Menacé de disparition faute de jeunes joueuses, l’imzad, violon monocorde que seules les femmes touaregs ont le droit de faire vibrer, suscite un nouvel engouement et résonne de plus belle dans les majestueux paysages du Sahara.
Des monts du Hoggar aux cathédrales de pierre du Tassili en Algérie, des massifs de l’Aïr au Niger et de l’Adrar des Ifoghas au Mali, l’imzad a accompagné durant des siècles les Touaregs, ce peuple qui considère la femme comme le pilier central de la société.
Pourtant, au début des années 2000, seules deux musiciennes faisaient encore résonner la complainte de cet instrument unique formé d’une calebasse semi-sphérique, d’une peau ornée de motifs symboliques, d’un long manche en bois de laurier rose ou d’acacia et d’une corde en crin de cheval.
Attirées par le mirage des décibels et par des rythmes plus modernes, les jeunes femmes touaregs s’étaient détournées de l’imzad qui demande « une certaine compréhension du temps », selon l’ethnologue allemande Edda Brandes.
Mais grâce à l’association « Sauver l’imzad » qui a créé trois écoles dans le Hoggar (sud), elles sont désormais des dizaines à de nouveau caresser cet instrument.

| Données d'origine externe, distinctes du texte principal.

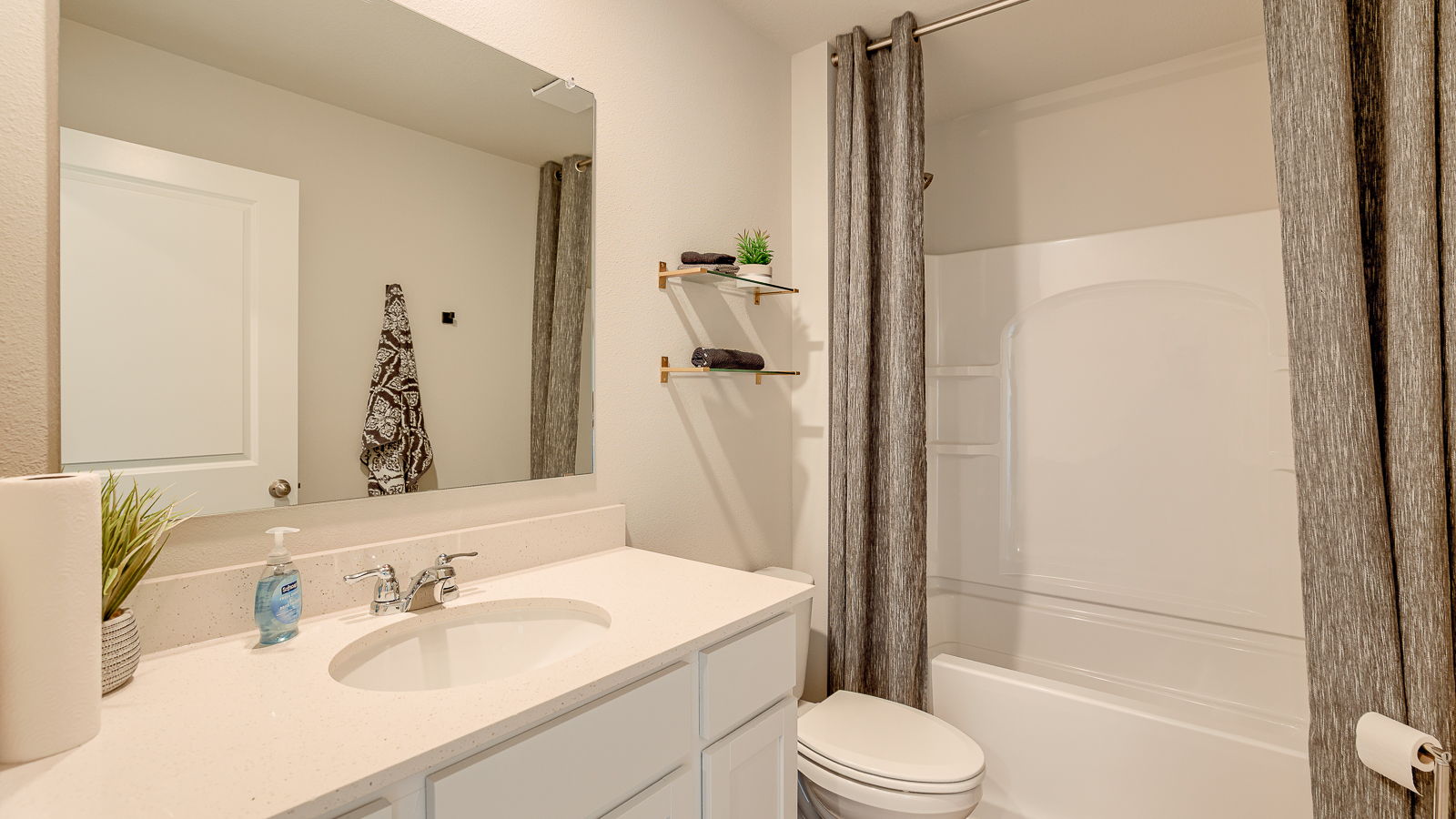 Second bathroom in the Hamilton with sink toilet and tub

M. Les hommes ne sont pas autorisés à jouer de ce violon monocorde sous peine de « malédiction », selon une vieille croyance.
– L’instrument de filles ‘jeunes et belles’ –
« Je suis heureuse de pouvoir transmettre cet art que je pratique depuis l’âge de 10 ans », confie à l’AFP la doyenne des joueuses d’imzad, Khoulene Alamine, une octogénaire devenue enseignante dans une de ces écoles. « L’imzad doit être jouée par des filles jeunes et belles », sourit-elle.
Assise sur le sable du plateau de Tagmart, dans un paysage de dômes et de cathédrales de pierre à une trentaine de kilomètres de Tamanrasset (sud), Khoulene maintient son imzad sur ses jambes croisées et joue le regard levé vers le croissant de lune qui vient d’apparaître dans le ciel.
Au soleil couchant, dans un décor inondé d’une lumière rougeoyante, le poète Husseini Nekhat assis à sa gauche et drapé du traditionnel habit bleu déclame un poème.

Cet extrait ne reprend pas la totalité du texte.